We can see here that Clang has correctly identified that I’ve improperly initialized a variable of type enum SomeEnum
with an enumeration value of type enum AnotherEnum
.
3. Compilation Speed
In general, Clang substantially outperforms GCC 4.0 in compilation time. There’s really not much else I can add that’s not covered by performance section of the Clang features page.
4. Run-time Analysis Tools
One thing I’ve always wished for was a warning when I’ve done something in my C code that will, according to the C standard, have undefined behvaior.
Turns out, some of these checks can be hard to perform at compile time. I think that’s why Clang provides -fsanitize=undefined
(and other sanitization flags). This flag builds in support to your executable to detect undefined behavior at runtime.
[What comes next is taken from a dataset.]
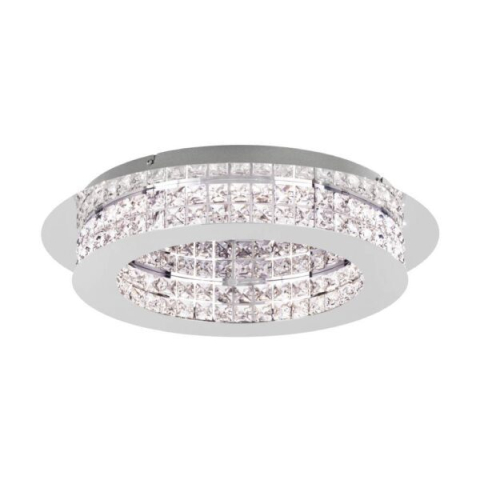 Plafonieră PRINCIPE LED 10X3.15W 39401 [1]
When you run your test suite (and you have a test suite, right?), the test executables will raise warnings when undefined behavior is detected.
Here’s an example of a program that utilizes undefined behavior (signed-integer overflow):
#include
int main(int argc, char * argv[]) {
(void)argc;
(void)argv;
int x = 1;
while(x > 0)
{
x++;
}
printf("x is: %d\n", x);
return 0;
}
Compiling and running this program without the sanitizer results in the following output:
$ clang -Wall -Wextra -Werror warn.c -o warn
$ ./warn
x is: -2147483648
Rebuilding this again, but this time with the sanitizer results in this output:
$ clang -Wall -Wextra -Werror -fsanitize=undefined warn.c -o warn
$ ./warn
warn.c:11:10: runtime error: signed integer overflow: 2147483647 + 1 cannot be represented in type 'int'
x is: -2147483648
While running the program, Clang informs us that it’s encountered an integer overflow. Neat!
There are many more sanitization options supported by Clang; take a look.
Conclusion
This is by no means a complete list, but these are things that stand out to me. Interested in trying Clang? Check out the Clang home page to get started.
*Typically, I try to have a set of tests that run independent of the target hardware. This allows me to use any compiler supported by my host architecture instead of having to depend on the compiler we’re using to build software for our particular target.
I don’t have much (or rather, any) experience with LLVM or Clang. Is there much difference to the end compiled executable that Clang/LLVM produces rather than with GCC?
Also, with optimizations on are the runtime checks able to be as useful?
I know that there are differences in the resulting binary. I don’t know how substantial those are (yet).
I’ve also not yet noticed a case where optimization interferes with runtime checks, though that doesn’t mean it isn’t happening. :)
For other reasons, I often run with optimizations turned all the way on. At least for the overflow example in this blog post, `-O3` doesn’t have any adverse affects to the runtime check.
Ok, last Clang/LLVM question (well, probably). Does the resulting binary run interpreted or JIT’d on LLVM? Or is it compiled into assembly? I’m trying to understand the significance of the LLVM piece of Clang and what that implies.